• _Task material_
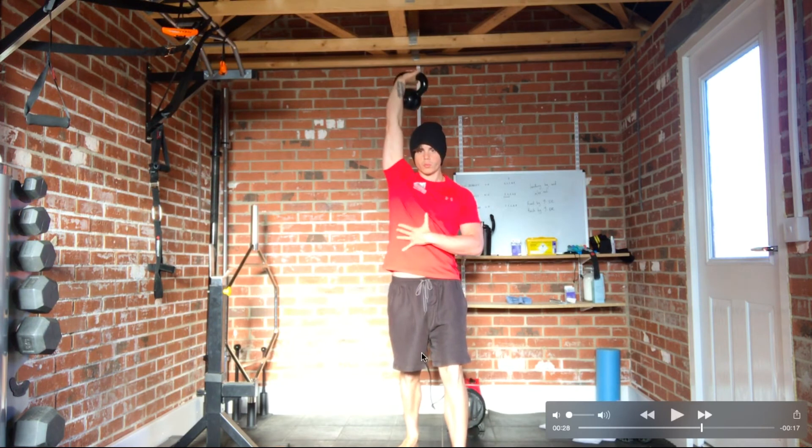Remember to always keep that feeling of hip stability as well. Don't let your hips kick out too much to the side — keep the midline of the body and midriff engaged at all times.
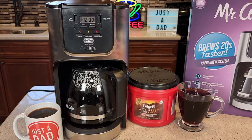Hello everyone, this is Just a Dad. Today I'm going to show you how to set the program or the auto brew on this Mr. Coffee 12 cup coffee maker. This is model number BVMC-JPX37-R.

---

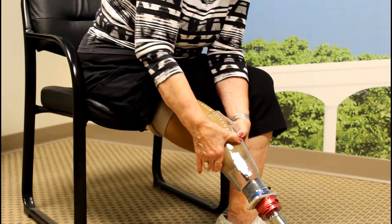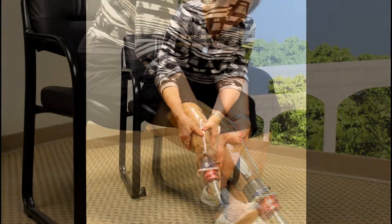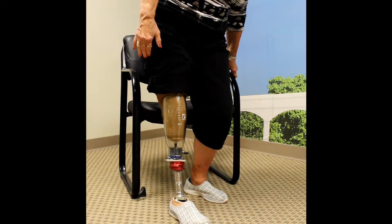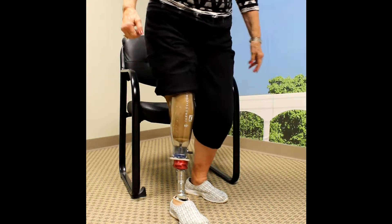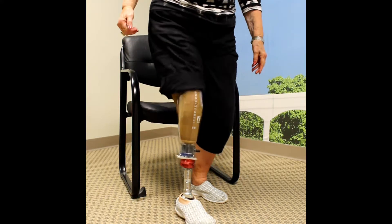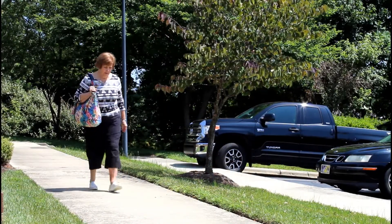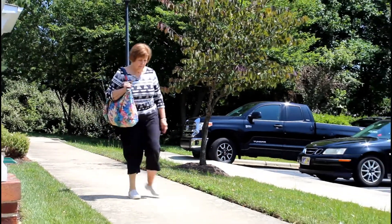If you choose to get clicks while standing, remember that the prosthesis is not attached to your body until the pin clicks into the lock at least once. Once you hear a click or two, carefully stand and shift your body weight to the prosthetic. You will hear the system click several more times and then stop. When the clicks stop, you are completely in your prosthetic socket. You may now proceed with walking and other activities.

• _Problem to work on_
Start with the line with "Remember to always" in the listing above and stop after the line with "Hello everyone, this". Write out exactly the lines in that stretch and no others, without pictures.

• _Exercise solution_
Remember to always keep that feeling of hip stability as well. Don't let your hips kick out too much to the side — keep the midline of the body and midriff engaged at all times.
Hello everyone, this is Just a Dad. Today I'm going to show you how to set the program or the auto brew on this Mr. Coffee 12 cup coffee maker. This is model number BVMC-JPX37-R.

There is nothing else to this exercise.